### Data provided
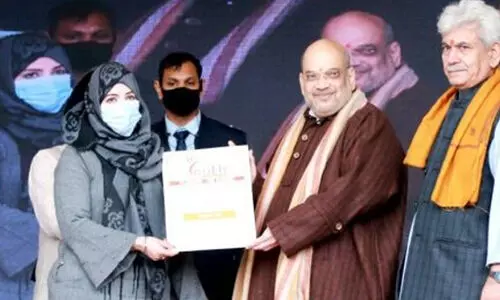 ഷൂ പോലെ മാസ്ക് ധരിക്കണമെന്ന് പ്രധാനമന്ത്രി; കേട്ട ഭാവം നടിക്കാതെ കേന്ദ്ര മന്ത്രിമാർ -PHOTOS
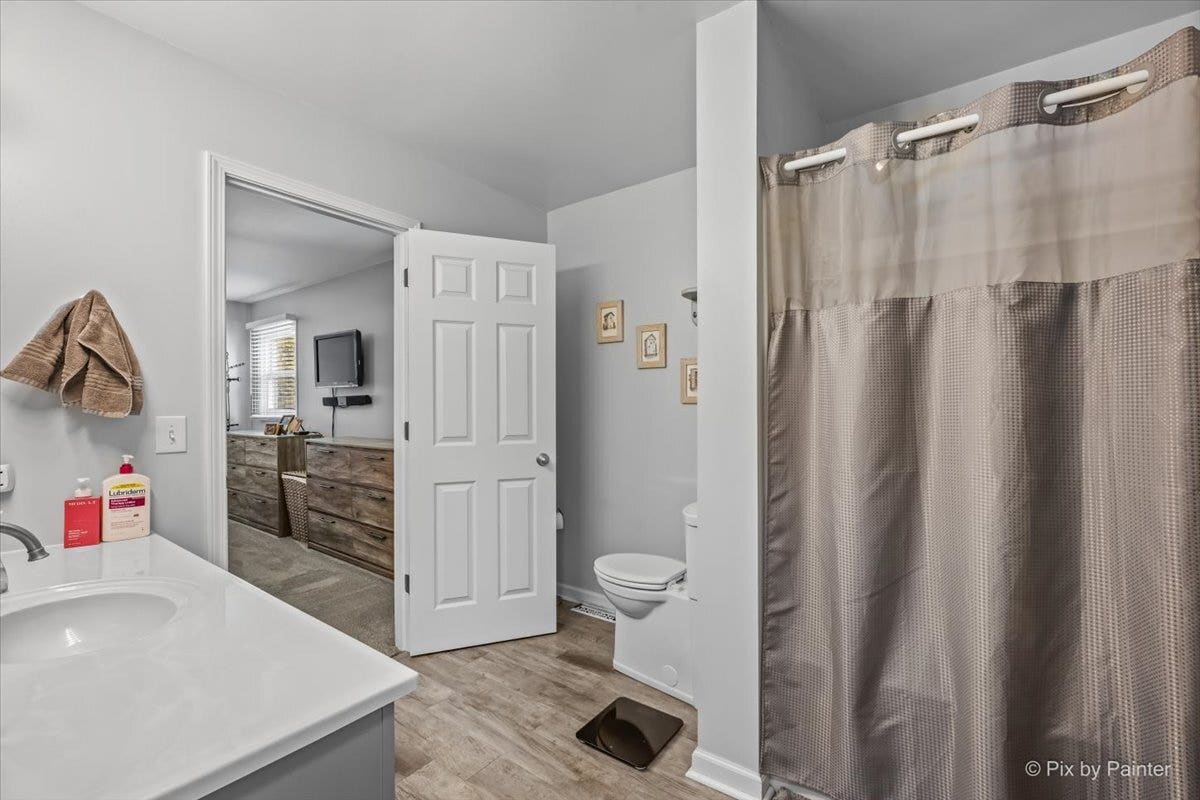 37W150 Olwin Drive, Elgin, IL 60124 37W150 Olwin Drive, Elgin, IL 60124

...

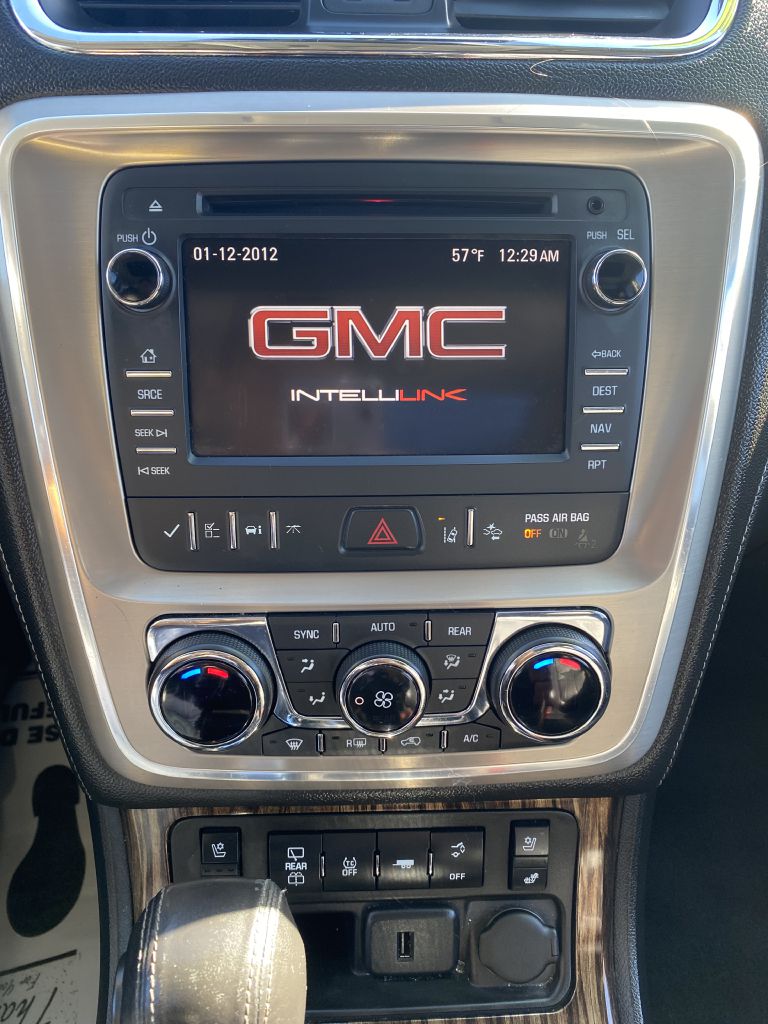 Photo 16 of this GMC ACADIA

### About this exercise
Reproduce exactly the lines above starting at the line containing "ഷൂ പോലെ മാസ്ക്" and ending at the line containing "37W150 Olwin Drive, Elgin, IL 60124 37W150", including both, but not the pictures.

### Task response
 ഷൂ പോലെ മാസ്ക് ധരിക്കണമെന്ന് പ്രധാനമന്ത്രി; കേട്ട ഭാവം നടിക്കാതെ കേന്ദ്ര മന്ത്രിമാർ -PHOTOS
 37W150 Olwin Drive, Elgin, IL 60124 37W150 Olwin Drive, Elgin, IL 60124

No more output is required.